## Action item
Nothing in the data may be altered as it is transcribed.

## The data

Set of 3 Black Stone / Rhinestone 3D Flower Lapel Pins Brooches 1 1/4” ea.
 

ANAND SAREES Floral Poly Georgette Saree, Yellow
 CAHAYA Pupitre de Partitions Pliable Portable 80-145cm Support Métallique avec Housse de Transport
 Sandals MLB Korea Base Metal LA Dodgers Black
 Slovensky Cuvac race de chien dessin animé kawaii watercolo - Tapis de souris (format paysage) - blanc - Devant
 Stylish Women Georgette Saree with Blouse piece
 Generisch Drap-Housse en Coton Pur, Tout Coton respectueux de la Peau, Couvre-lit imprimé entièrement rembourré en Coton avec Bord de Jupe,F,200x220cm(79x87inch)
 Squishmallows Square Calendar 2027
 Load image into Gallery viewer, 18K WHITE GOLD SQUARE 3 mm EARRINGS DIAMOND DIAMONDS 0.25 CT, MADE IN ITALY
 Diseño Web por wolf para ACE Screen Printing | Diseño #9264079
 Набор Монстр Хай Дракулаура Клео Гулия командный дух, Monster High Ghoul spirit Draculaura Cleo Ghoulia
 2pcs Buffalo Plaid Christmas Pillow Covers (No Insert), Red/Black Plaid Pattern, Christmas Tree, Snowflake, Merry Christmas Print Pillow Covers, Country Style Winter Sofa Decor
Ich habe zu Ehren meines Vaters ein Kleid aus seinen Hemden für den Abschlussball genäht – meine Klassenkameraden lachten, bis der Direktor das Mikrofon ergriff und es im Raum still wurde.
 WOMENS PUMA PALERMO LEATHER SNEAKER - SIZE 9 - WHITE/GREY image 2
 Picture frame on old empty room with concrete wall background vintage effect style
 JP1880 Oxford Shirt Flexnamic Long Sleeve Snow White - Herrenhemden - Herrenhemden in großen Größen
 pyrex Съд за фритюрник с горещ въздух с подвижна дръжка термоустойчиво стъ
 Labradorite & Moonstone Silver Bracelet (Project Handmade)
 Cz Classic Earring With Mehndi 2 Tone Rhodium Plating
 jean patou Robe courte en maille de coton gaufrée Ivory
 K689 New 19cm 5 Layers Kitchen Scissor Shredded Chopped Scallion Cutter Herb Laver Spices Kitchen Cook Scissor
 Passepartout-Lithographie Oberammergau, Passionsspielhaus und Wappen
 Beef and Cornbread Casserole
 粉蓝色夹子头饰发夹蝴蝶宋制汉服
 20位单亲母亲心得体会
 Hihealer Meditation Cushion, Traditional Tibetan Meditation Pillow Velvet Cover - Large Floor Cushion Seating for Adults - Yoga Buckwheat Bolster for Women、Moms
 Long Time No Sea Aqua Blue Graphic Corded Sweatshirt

## Completed exercise
Set of 3 Black Stone / Rhinestone 3D Flower Lapel Pins Brooches 1 1/4” ea.
 

ANAND SAREES Floral Poly Georgette Saree, Yellow
 CAHAYA Pupitre de Partitions Pliable Portable 80-145cm Support Métallique avec Housse de Transport
 Sandals MLB Korea Base Metal LA Dodgers Black
 Slovensky Cuvac race de chien dessin animé kawaii watercolo - Tapis de souris (format paysage) - blanc - Devant
 Stylish Women Georgette Saree with Blouse piece
 Generisch Drap-Housse en Coton Pur, Tout Coton respectueux de la Peau, Couvre-lit imprimé entièrement rembourré en Coton avec Bord de Jupe,F,200x220cm(79x87inch)
 Squishmallows Square Calendar 2027
 Load image into Gallery viewer, 18K WHITE GOLD SQUARE 3 mm EARRINGS DIAMOND DIAMONDS 0.25 CT, MADE IN ITALY
 Diseño Web por wolf para ACE Screen Printing | Diseño #9264079
 Набор Монстр Хай Дракулаура Клео Гулия командный дух, Monster High Ghoul spirit Draculaura Cleo Ghoulia
 2pcs Buffalo Plaid Christmas Pillow Covers (No Insert), Red/Black Plaid Pattern, Christmas Tree, Snowflake, Merry Christmas Print Pillow Covers, Country Style Winter Sofa Decor
Ich habe zu Ehren meines Vaters ein Kleid aus seinen Hemden für den Abschlussball genäht – meine Klassenkameraden lachten, bis der Direktor das Mikrofon ergriff und es im Raum still wurde.
 WOMENS PUMA PALERMO LEATHER SNEAKER - SIZE 9 - WHITE/GREY image 2
 Picture frame on old empty room with concrete wall background vintage effect style
 JP1880 Oxford Shirt Flexnamic Long Sleeve Snow White - Herrenhemden - Herrenhemden in großen Größen
 pyrex Съд за фритюрник с горещ въздух с подвижна дръжка термоустойчиво стъ
 Labradorite & Moonstone Silver Bracelet (Project Handmade)
 Cz Classic Earring With Mehndi 2 Tone Rhodium Plating
 jean patou Robe courte en maille de coton gaufrée Ivory
 K689 New 19cm 5 Layers Kitchen Scissor Shredded Chopped Scallion Cutter Herb Laver Spices Kitchen Cook Scissor
 Passepartout-Lithographie Oberammergau, Passionsspielhaus und Wappen
 Beef and Cornbread Casserole
 粉蓝色夹子头饰发夹蝴蝶宋制汉服
 20位单亲母亲心得体会
 Hihealer Meditation Cushion, Traditional Tibetan Meditation Pillow Velvet Cover - Large Floor Cushion Seating for Adults - Yoga Buckwheat Bolster for Women、Moms
 Long Time No Sea Aqua Blue Graphic Corded Sweatshirt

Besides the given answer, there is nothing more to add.